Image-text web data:
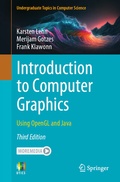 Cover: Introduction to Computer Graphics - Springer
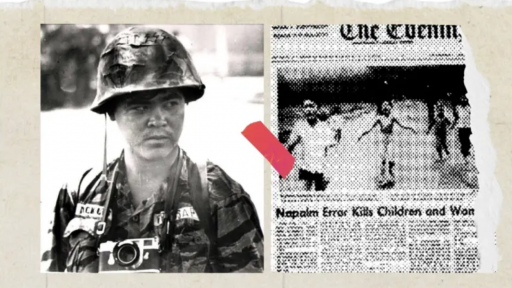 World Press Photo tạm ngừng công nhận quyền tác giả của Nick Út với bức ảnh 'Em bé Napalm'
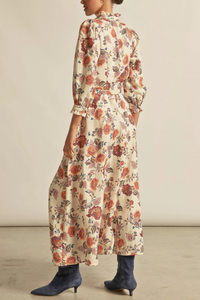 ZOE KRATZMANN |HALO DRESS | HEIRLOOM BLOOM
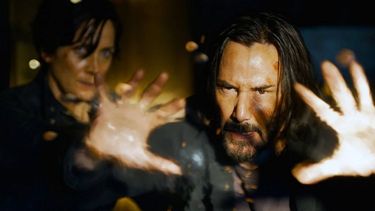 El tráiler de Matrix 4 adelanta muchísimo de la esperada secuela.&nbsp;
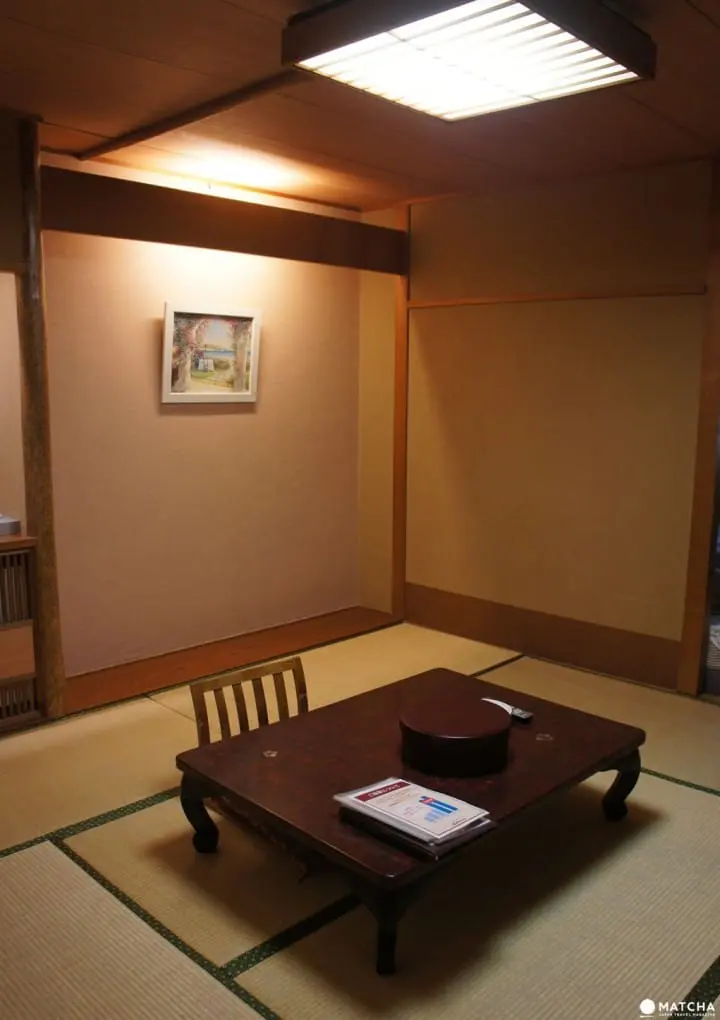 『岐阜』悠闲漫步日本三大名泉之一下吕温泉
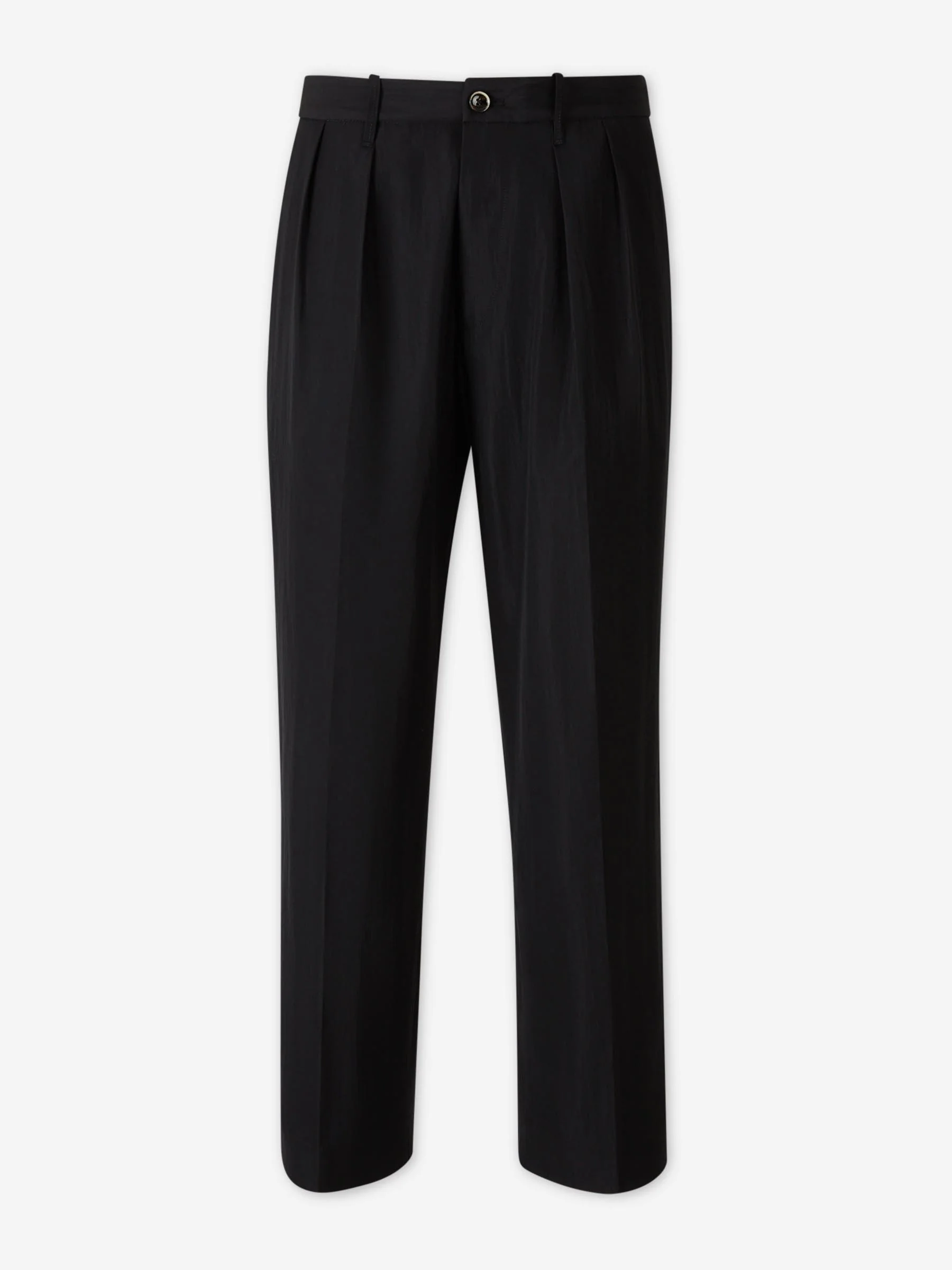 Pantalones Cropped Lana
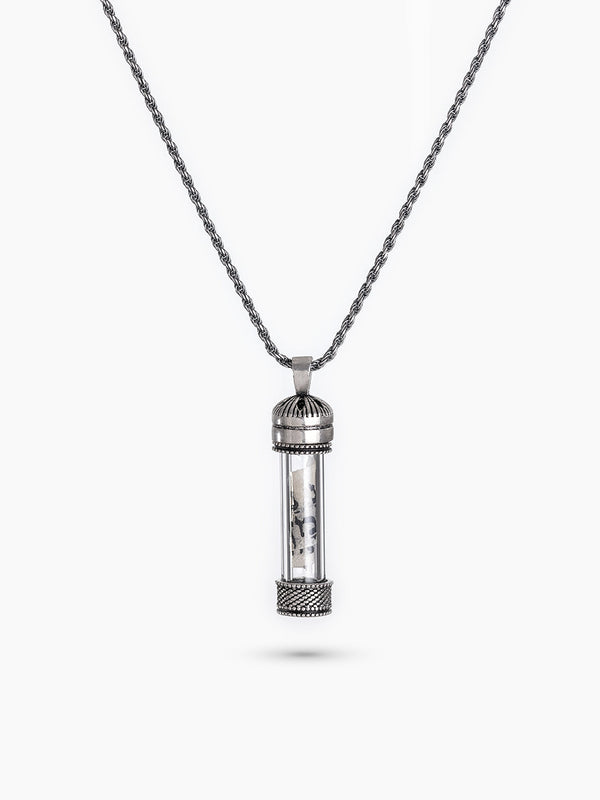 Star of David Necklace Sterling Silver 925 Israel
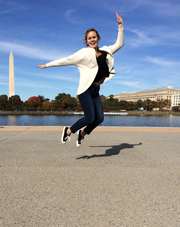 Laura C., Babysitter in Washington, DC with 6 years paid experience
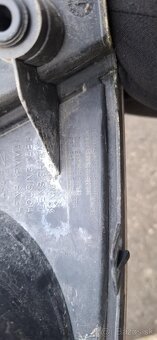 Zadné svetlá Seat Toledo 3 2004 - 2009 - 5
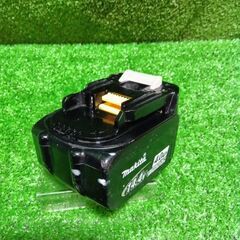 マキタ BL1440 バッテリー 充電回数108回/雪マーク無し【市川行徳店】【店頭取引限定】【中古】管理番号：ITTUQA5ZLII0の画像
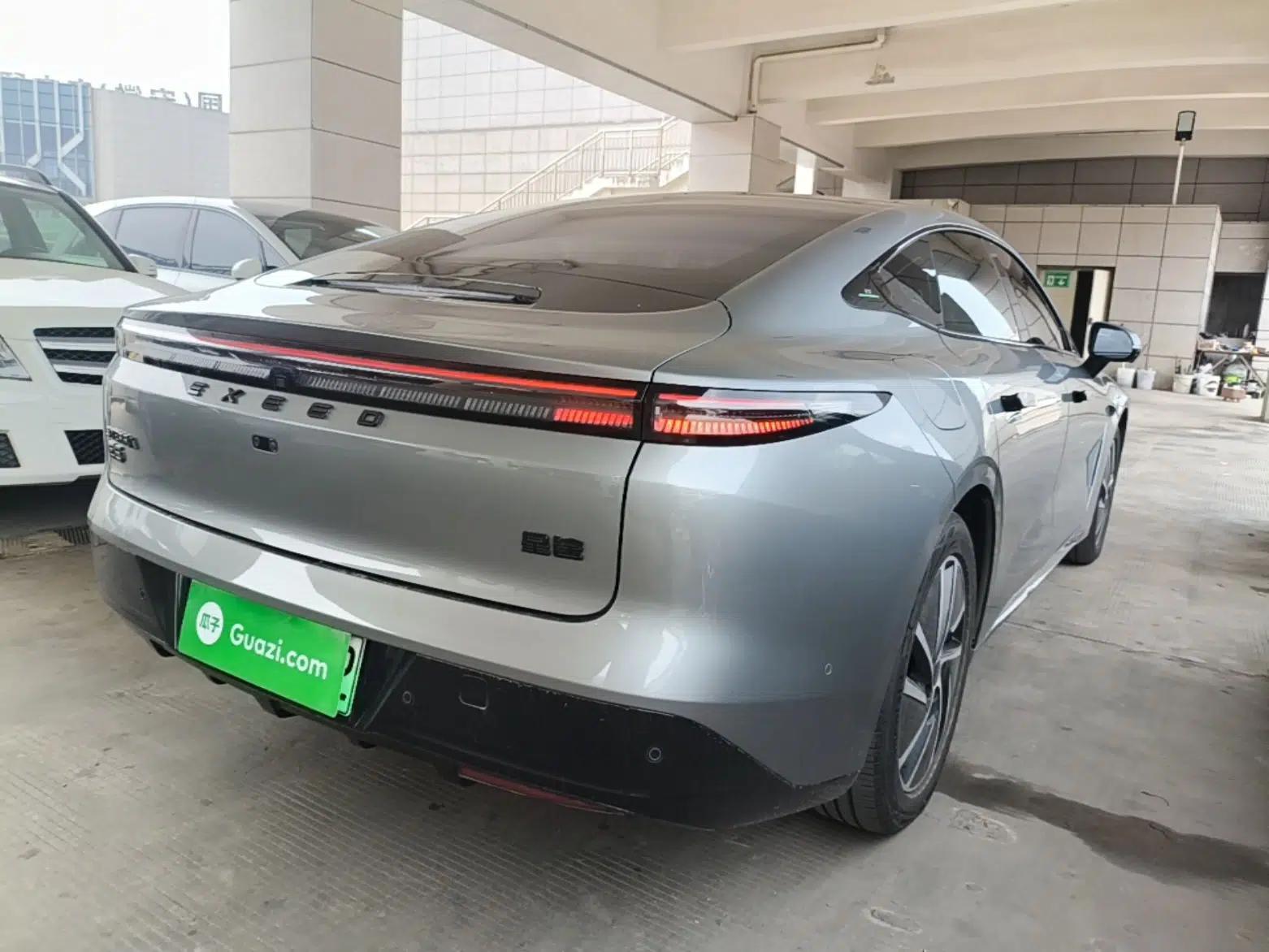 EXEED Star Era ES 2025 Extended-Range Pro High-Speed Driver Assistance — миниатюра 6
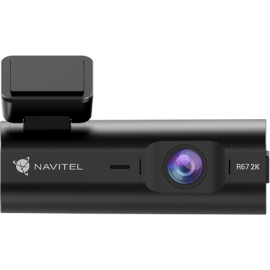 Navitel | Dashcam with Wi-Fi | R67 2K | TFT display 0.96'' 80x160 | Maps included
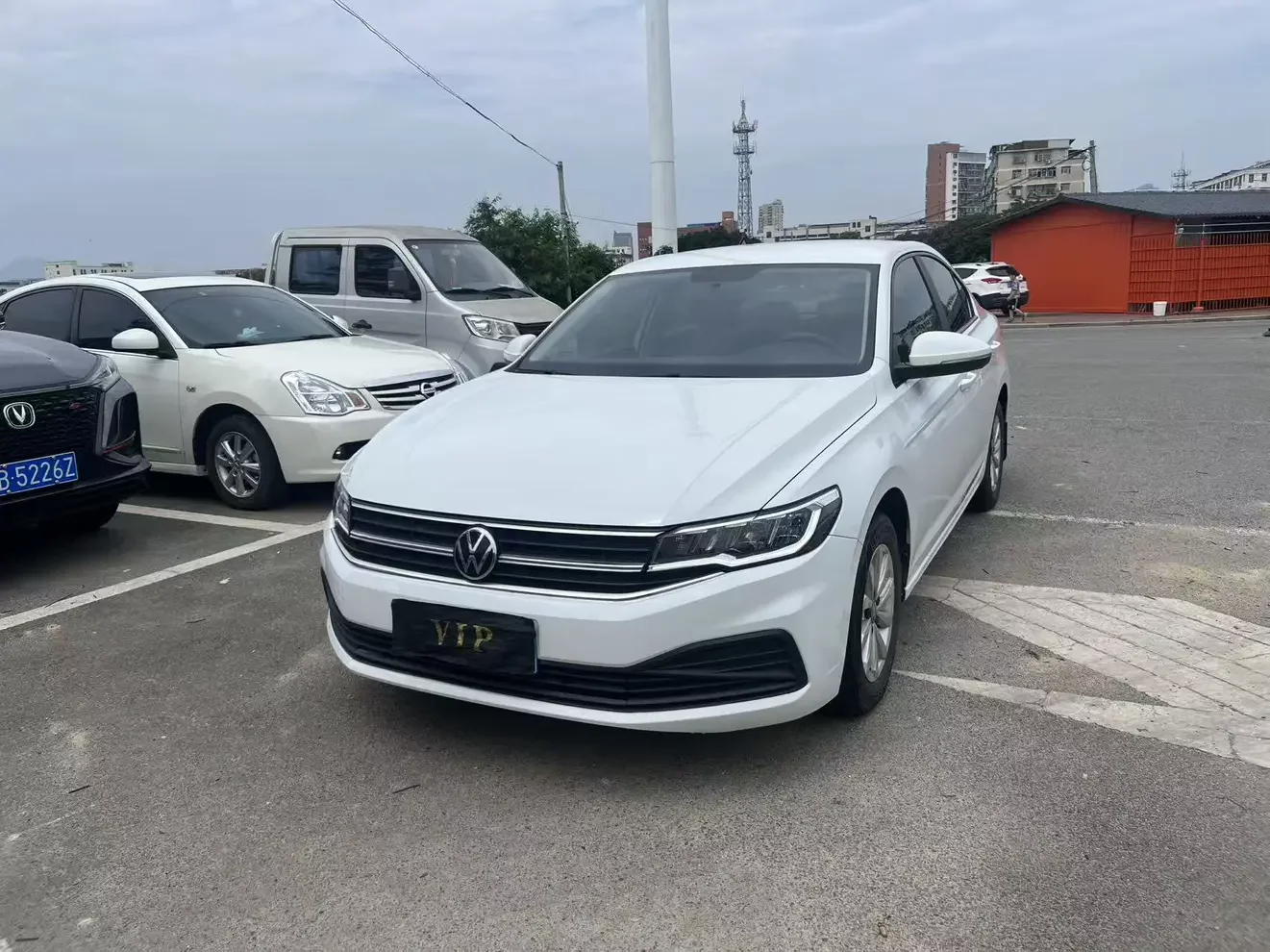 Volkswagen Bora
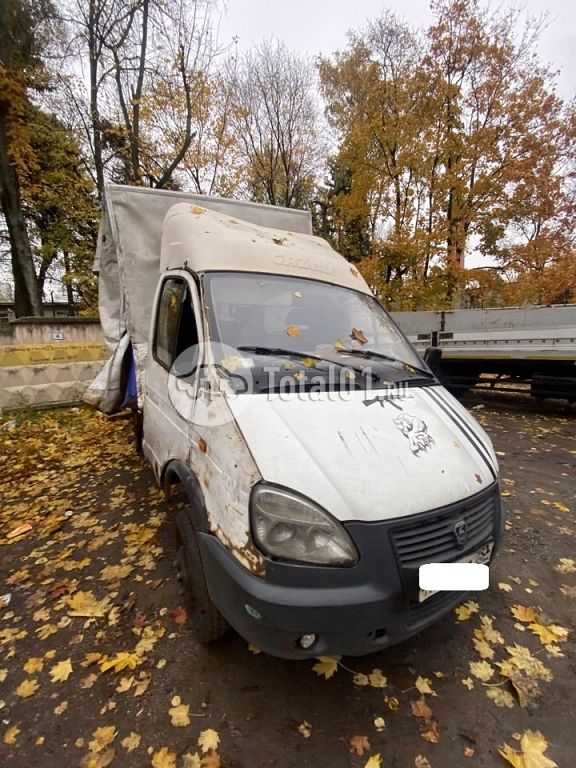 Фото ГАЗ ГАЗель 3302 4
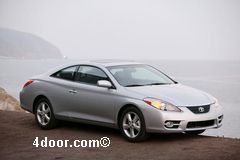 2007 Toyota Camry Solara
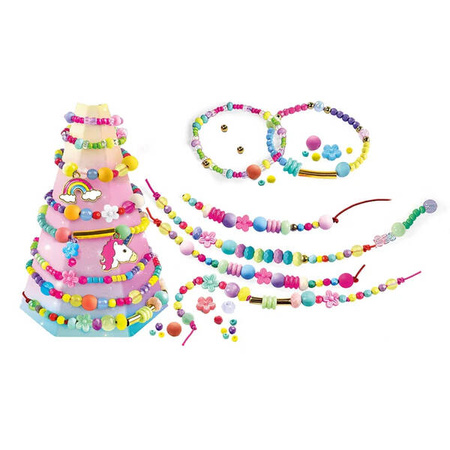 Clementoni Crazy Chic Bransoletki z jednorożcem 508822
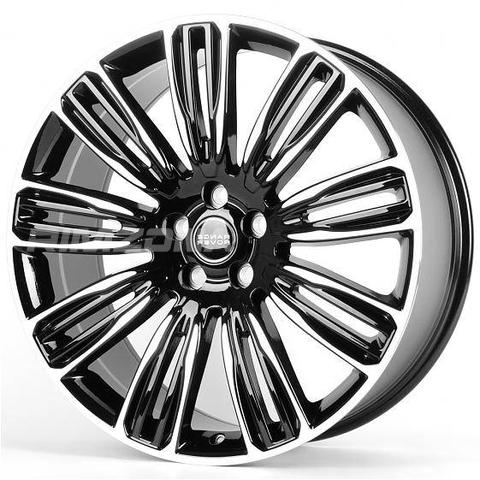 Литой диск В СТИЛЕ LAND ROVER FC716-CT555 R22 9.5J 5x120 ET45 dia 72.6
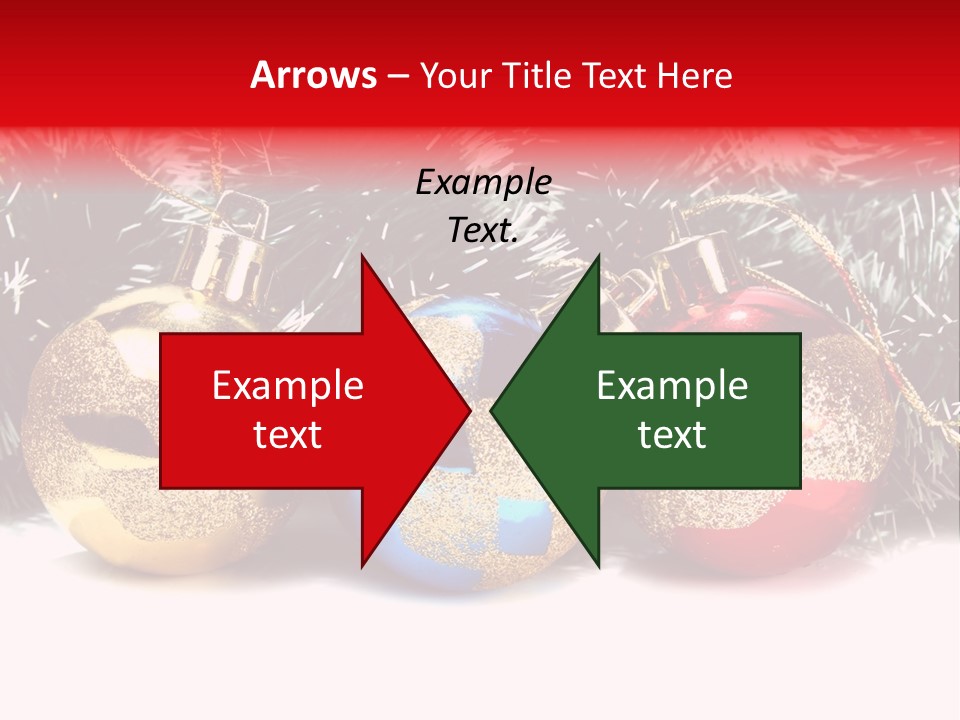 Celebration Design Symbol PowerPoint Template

▶ [Work instruction]:
This exercise needs every entry retyped exactly, with the pictures removed.

▶ [Answer space]:
 Cover: Introduction to Computer Graphics - Springer
 World Press Photo tạm ngừng công nhận quyền tác giả của Nick Út với bức ảnh 'Em bé Napalm'
 ZOE KRATZMANN |HALO DRESS | HEIRLOOM BLOOM
 El tráiler de Matrix 4 adelanta muchísimo de la esperada secuela.&nbsp;
 『岐阜』悠闲漫步日本三大名泉之一下吕温泉
 Pantalones Cropped Lana
 Star of David Necklace Sterling Silver 925 Israel
 Laura C., Babysitter in Washington, DC with 6 years paid experience
 Zadné svetlá Seat Toledo 3 2004 - 2009 - 5
 マキタ BL1440 バッテリー 充電回数108回/雪マーク無し【市川行徳店】【店頭取引限定】【中古】管理番号：ITTUQA5ZLII0の画像
 EXEED Star Era ES 2025 Extended-Range Pro High-Speed Driver Assistance — миниатюра 6
 Navitel | Dashcam with Wi-Fi | R67 2K | TFT display 0.96'' 80x160 | Maps included
 Volkswagen Bora
 Фото ГАЗ ГАЗель 3302 4
 2007 Toyota Camry Solara
 Clementoni Crazy Chic Bransoletki z jednorożcem 508822
 Литой диск В СТИЛЕ LAND ROVER FC716-CT555 R22 9.5J 5x120 ET45 dia 72.6
 Celebration Design Symbol PowerPoint Template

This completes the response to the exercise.